| DATA EXTRACTS |
★ ★ ★ ★ ★ ★ ★
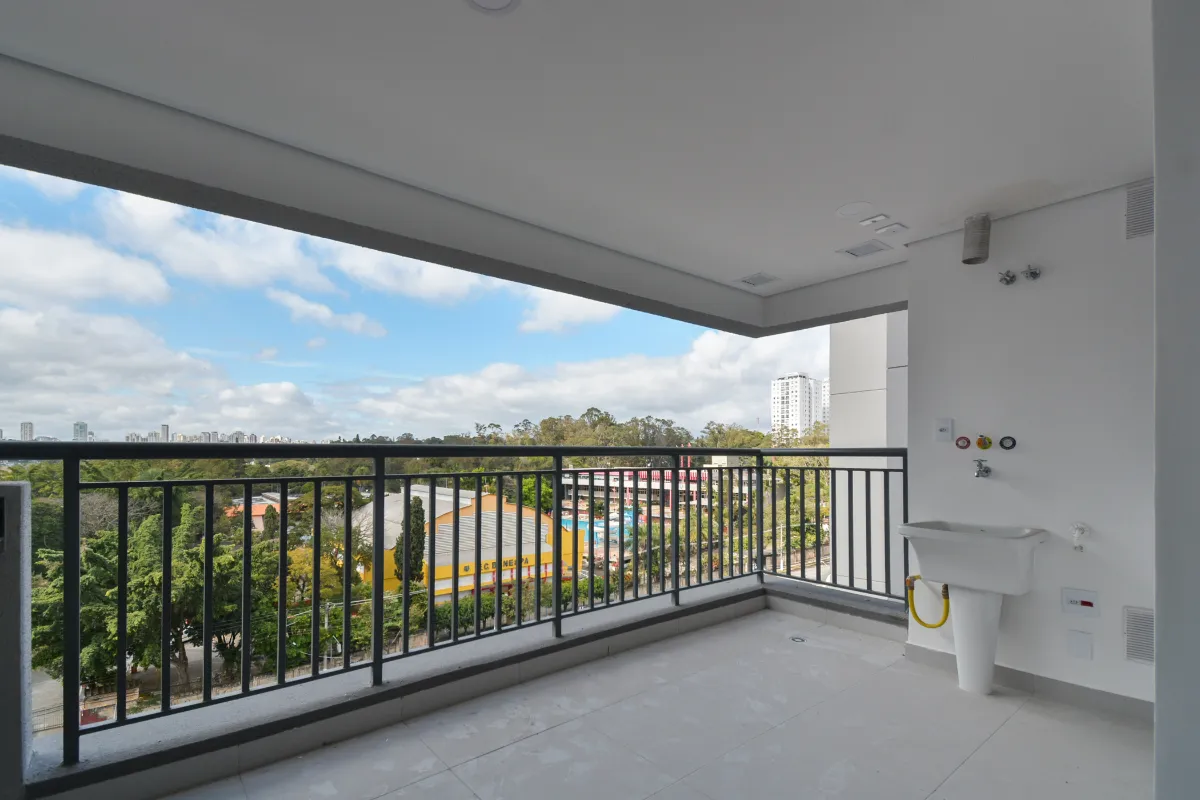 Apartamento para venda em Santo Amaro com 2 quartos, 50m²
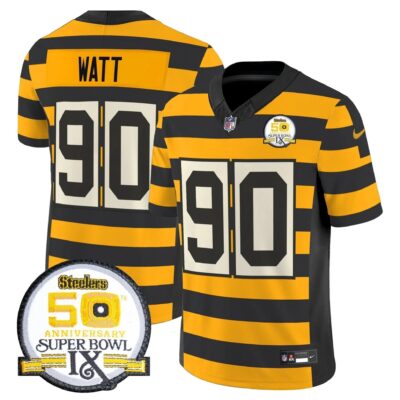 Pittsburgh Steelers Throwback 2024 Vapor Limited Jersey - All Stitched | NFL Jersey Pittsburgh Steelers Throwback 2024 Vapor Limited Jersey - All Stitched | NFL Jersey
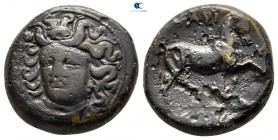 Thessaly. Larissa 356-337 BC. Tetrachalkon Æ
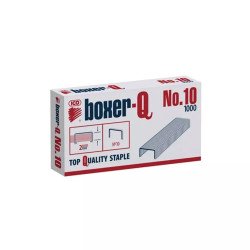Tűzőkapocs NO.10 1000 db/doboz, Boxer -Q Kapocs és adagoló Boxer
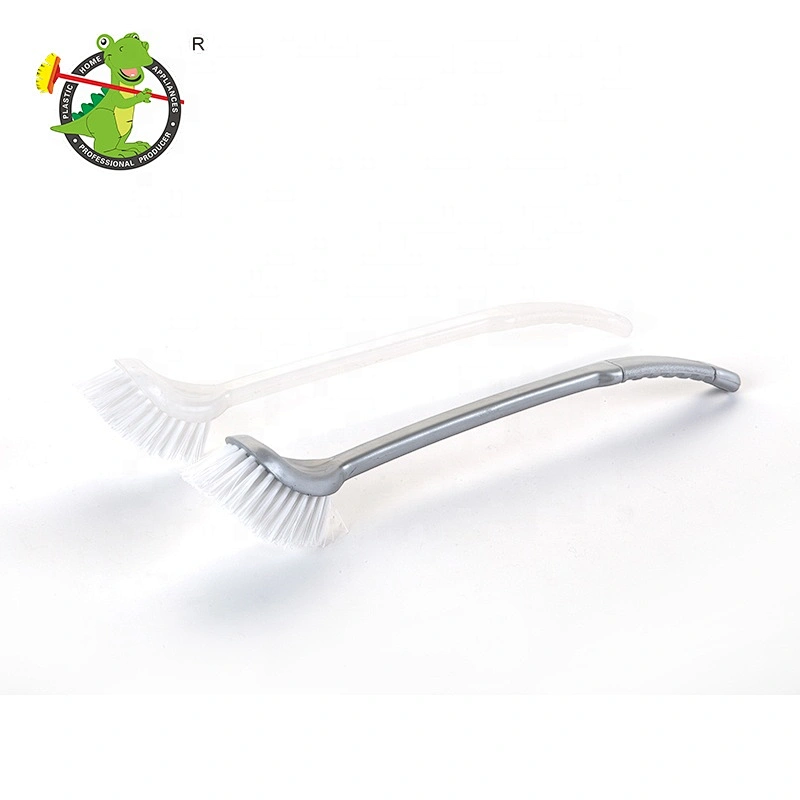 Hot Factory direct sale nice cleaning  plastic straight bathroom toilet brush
★ ★ ★ ★ ★ ★ ★
| TASK |
Only the lines from the one containing "Tűzőkapocs NO.10 1000" through the last line of the entries above belong in the copy; reproduce them exactly and drop every picture.

| EXERCISE RESPONSE |
Tűzőkapocs NO.10 1000 db/doboz, Boxer -Q Kapocs és adagoló Boxer
 Hot Factory direct sale nice cleaning  plastic straight bathroom toilet brush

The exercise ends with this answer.